Hanno voglia di discutere di politica. Il voto agli italiani all’estero, mettiamola come vogliamo, ha comunque dato un po’ di vigore. Ci si riunisce per dibattere e confrontarsi. Anche se poi arriva in parlamento il Pallaro di turno. L’emigrazione vecchia incontra quella nuova. Tanti giovani arrivano di nuovo. Per lavorare.
Ci chiedono di restare in relazione, di fare scambi di esperienze. in particolare sulle imprese recuperate. Si proprio sulle recuperate, un mio vecchio pallino. Sono contenta. In questi giorni parliamo molto di imprese recuperate anche perché Fabio, che abbiamo visto più volte, è un militante e dirigente della Federacion Argentina de Cooperatives de Trabajadore Autogestionados, e anche membro del consiglio di redazione della rivista Autogestion , ricca di articoli su economia sociale e alternativa.
Ci accoglie al caffè “utopia” del Bauen e ci fa parlare con Federico il presidente della cooperativa di gestione. Ecco dunque il Bauen. Ci torno volentieri. L’ultima volta è stata due anni fa, con Alessandra. In Italia se ne ha un idea un po’ troppo mitica. Ma è davvero una cosa straordinaria che permane nel tempo.

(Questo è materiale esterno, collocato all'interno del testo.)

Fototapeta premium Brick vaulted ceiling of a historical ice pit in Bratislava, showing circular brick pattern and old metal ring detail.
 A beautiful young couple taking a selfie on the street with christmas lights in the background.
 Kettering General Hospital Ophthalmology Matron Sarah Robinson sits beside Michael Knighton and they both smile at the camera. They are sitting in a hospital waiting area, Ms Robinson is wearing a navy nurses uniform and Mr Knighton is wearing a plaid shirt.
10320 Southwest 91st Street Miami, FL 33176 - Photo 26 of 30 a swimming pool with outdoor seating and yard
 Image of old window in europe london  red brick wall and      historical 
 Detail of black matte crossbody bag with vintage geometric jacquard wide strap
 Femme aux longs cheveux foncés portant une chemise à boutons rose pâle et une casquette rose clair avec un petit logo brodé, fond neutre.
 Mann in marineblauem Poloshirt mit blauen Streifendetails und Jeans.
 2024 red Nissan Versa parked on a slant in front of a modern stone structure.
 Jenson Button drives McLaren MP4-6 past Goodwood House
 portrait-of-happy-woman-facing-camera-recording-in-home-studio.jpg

Tutte le recuperate, va sottolineato, sono le uniche esperienze di risposta alla crisi che sono ancora in piedi segno di una oggettiva consistenza pur se nessuno ti nasconde i problemi e le difficoltà organizzative ed economiche. E’ un lavoro che si crea continuamente. Oggi al Bauen ci sono 150 lavoratori, ancora a combattere per la proprietà che non riesce ad essere definita, con il difficile accesso al credito, con i complessi adempimenti quotidiani che occorrono per servire 18 piani con stanze per gli ospiti e spazi comuni.
Rappresenta una realtà significativa. E sta li a ricordare in tutta la sua imponenza il cambio di segno dato dall’occupazione del 2001: da hotel dei padroni a hotel di tutti! Mi piace toccare la porta da dove i compagni sono entrati la prima volta per ridare lavoro, mi piace il pavimento del primo piano fatto con il marmo dai lavoratori di un’altra impresa recuperata.
Mi piace la mensa per chi vi lavora e il teatro interno. La chiacchiera politica che facciamo con alcuni di loro è bellissima, fatta con intrecci divertenti di spagnolo e italiano. Chissà se l’idea che comincia a girare di una campagna internazionale di finanziamento popolare per il Bauen potrà partire? Sicuramente avrebbe il mio sostegno.
Il viaggio si chiude teneramente in due con un Bife de chorizo e un bicchiere di Quilmes.
Alla prossima Buenos, alla prossima.